Before graduating from Eisenhower HS in Rialto, CA, she was already the 1988 PGA National Champion, the 1989 U.S. Girl’s Junior Champion and a two-time winner of the San Diego Junior World Championships

From the beginning of her career in the SoCal junior golf circuit to her success on the LPGA Tour, Brandie Burton set the bar high with no shortage of accolades.

Before graduating from Eisenhower HS in Rialto, CA, she was already the 1988 PGA National Champion, the 1989 U.S. Girl’s Junior Champion and a two-time winner of the San Diego Junior World Championships. With that resume, Burton proved to be Sun Devil material, joining the Arizona State University women’s golf team in the Fall of 1989.

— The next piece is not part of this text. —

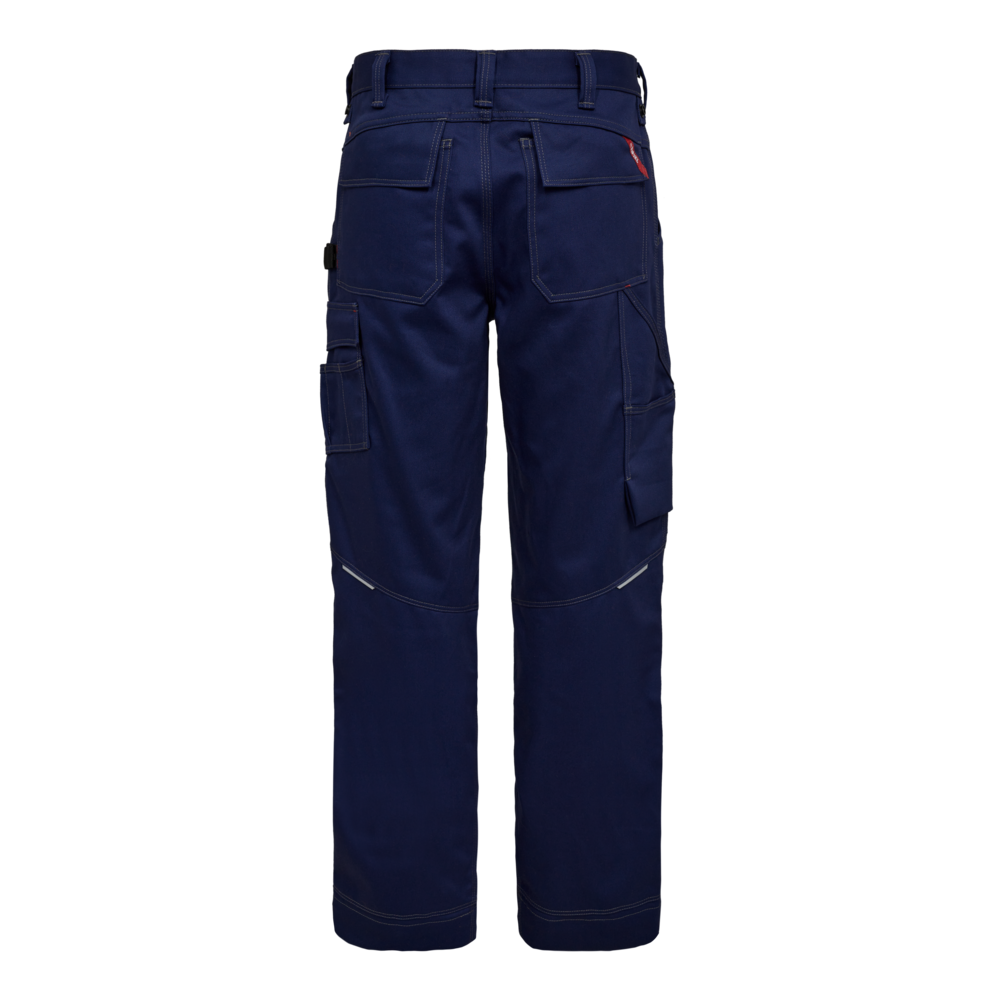 ENGEL 2760 Black Combat Cotton Work Trousers 36R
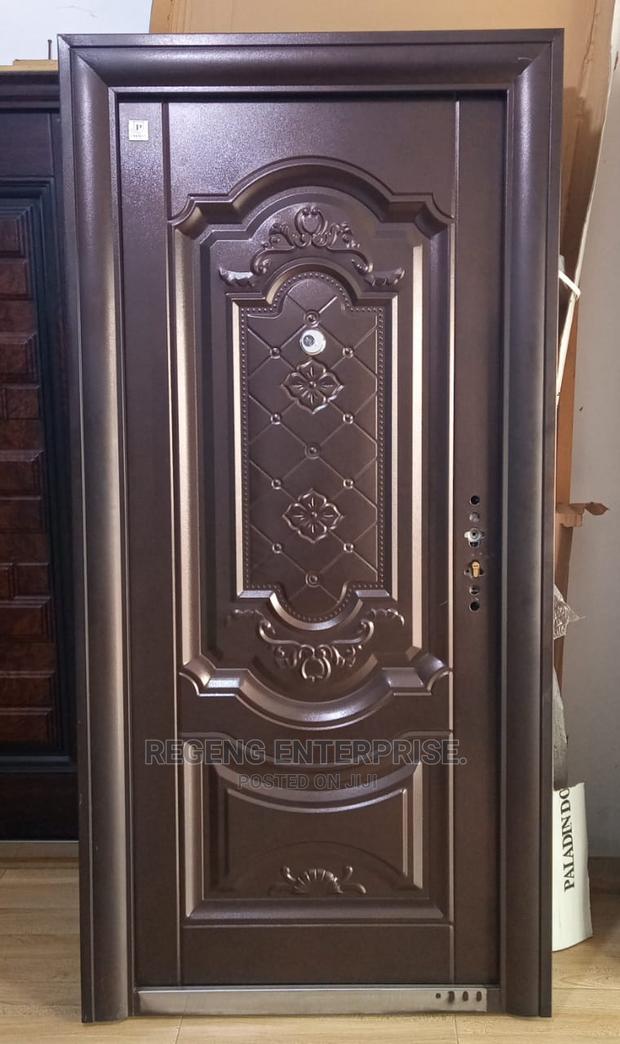 Single Regeng Security Door 3feet · Photo 2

As a freshman, Burton quickly rose to the top. She won six of her first seven tournaments, capped off by a Pac-10 title, an NCAA Team Championship and a No. 1 U.S. collegiate ranking. That season alone, Burton proved she could compete with the best in the world.

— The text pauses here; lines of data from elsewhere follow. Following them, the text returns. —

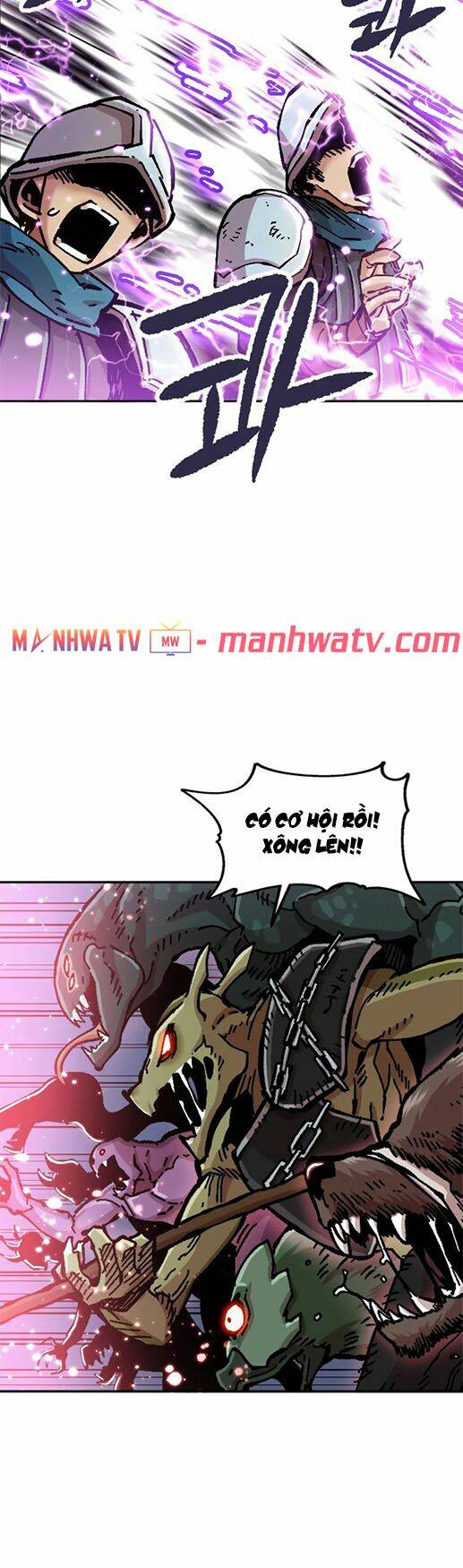 Nô Lệ Nghịch Thiên: Chapter 78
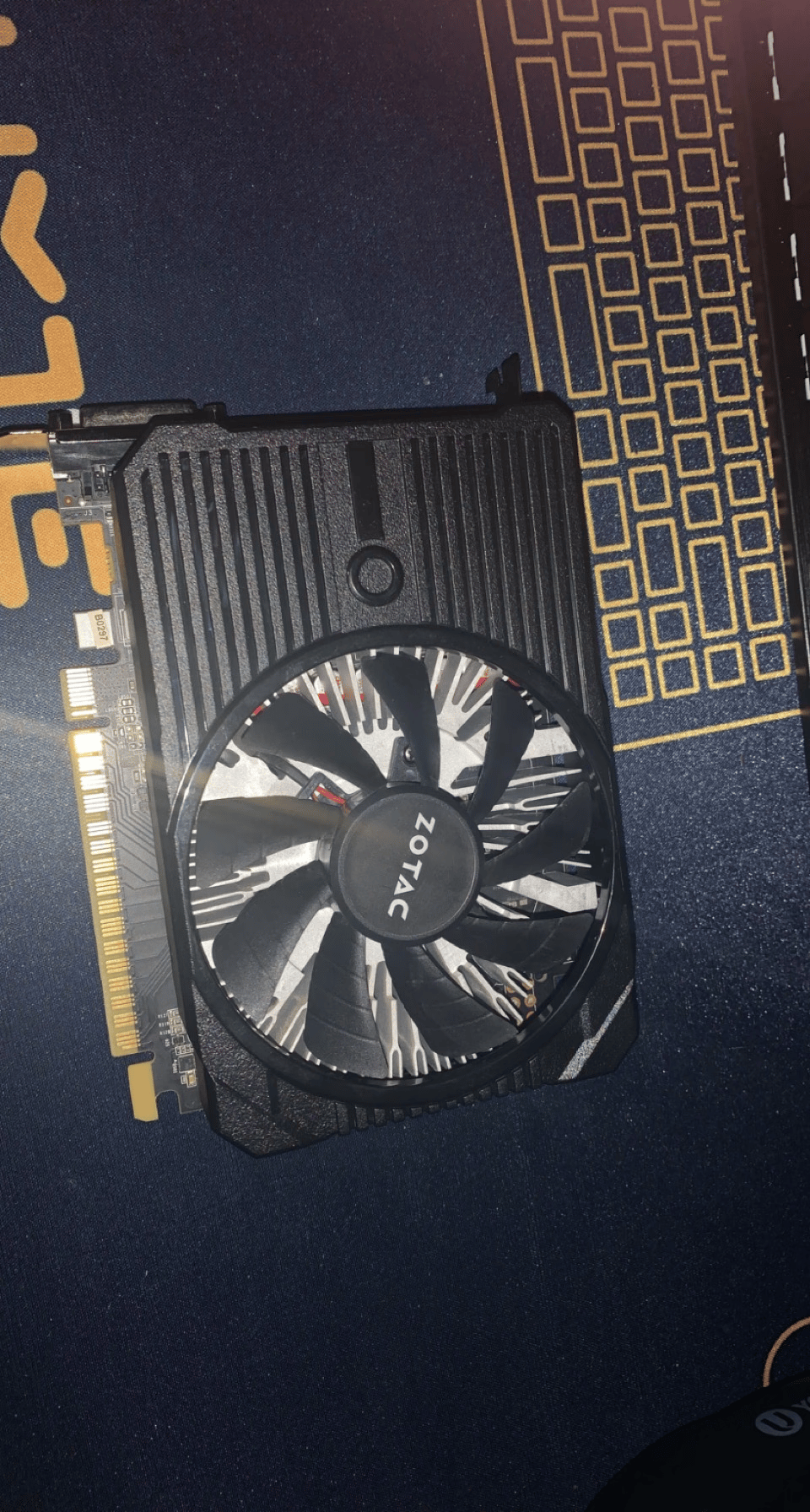 Zotac 1050 2GB Mini || Free Shipping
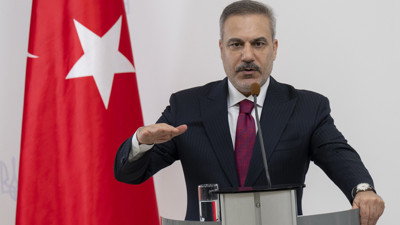 Bakan Fidan: Savaşın Karadeniz'e taşınmasını istemiyoruz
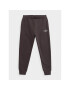 Outhorn Pantaloni trening OTHSS23TTROM189 Maro Regular Fit - Pled.ro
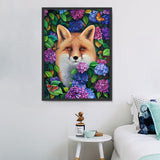 Fox 5d Diy Diamond Painting Kits UK Handwork Hobby SS2029409990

After participating on the U.S. Curtis Cup team and winning the North and South Women’s Amateur Championship in the summer of 1990, she would forgo her amateur status. With an aggressive mindset and distance off the tee, Burton was named LPGA Rookie of the Year in 1991 after eight top-10 finishes.

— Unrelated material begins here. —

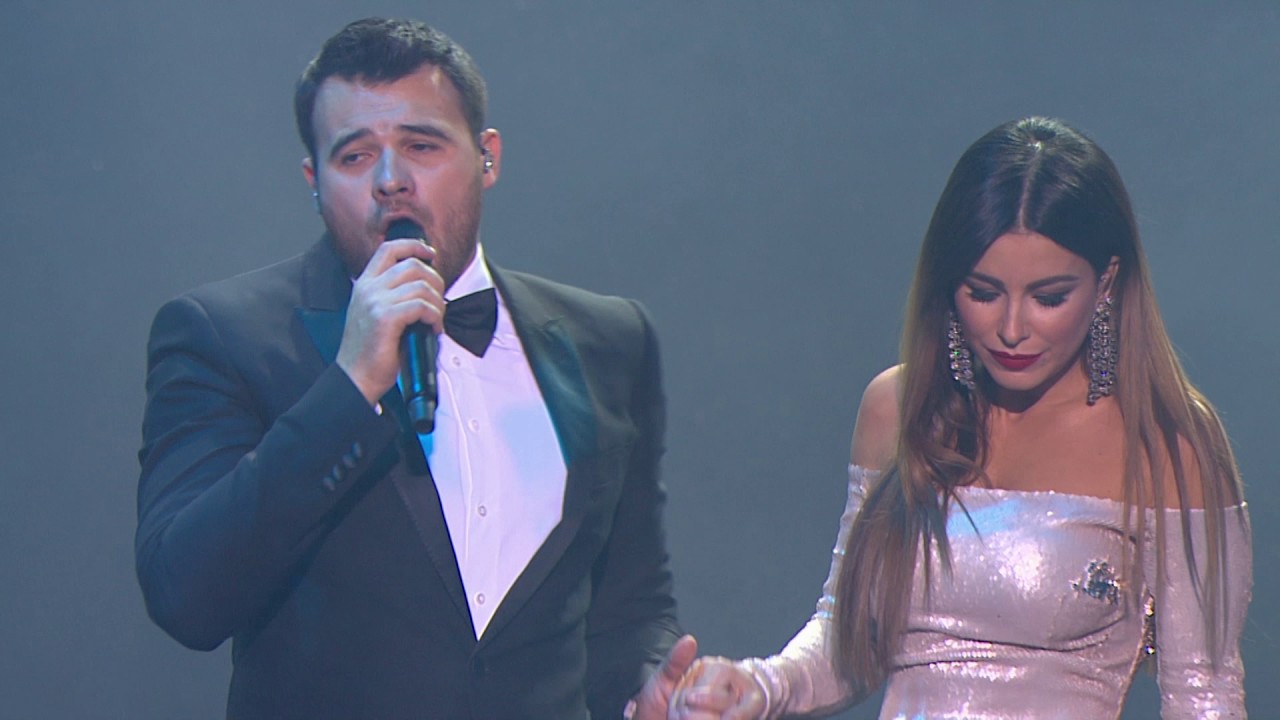 EMIN & ANI LORAK - YOU DON'T HAVE TO SAY YOU LOVE ME Mp3 Yüklə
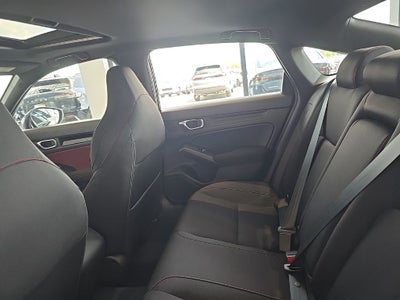 2026 Honda Civic Si Manual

In 1993, the San Bernardino native cemented her legacy. Up against Hall of Famer Betsy King in a sudden-death playoff at the du Maurier Classic, Burton birdied the first playoff hole to defeat the six-time major winner for her first major victory. Burton would be named 1993 Golf World Female Player of the Year. At the same event in 1998, Burton defeated 10-time major winner Annika Sörenstam by one stroke to claim her second major title.

In all, she competed in five Solheim Cups, recorded 88 top-10 finishes and was inducted into the Rialto Hall of Fame in 2007 followed by the ASU Hall of Fame in 2008. Burton, who resides in La Verne, CA, was the youngest female golfer to surpass $1 million in career earnings.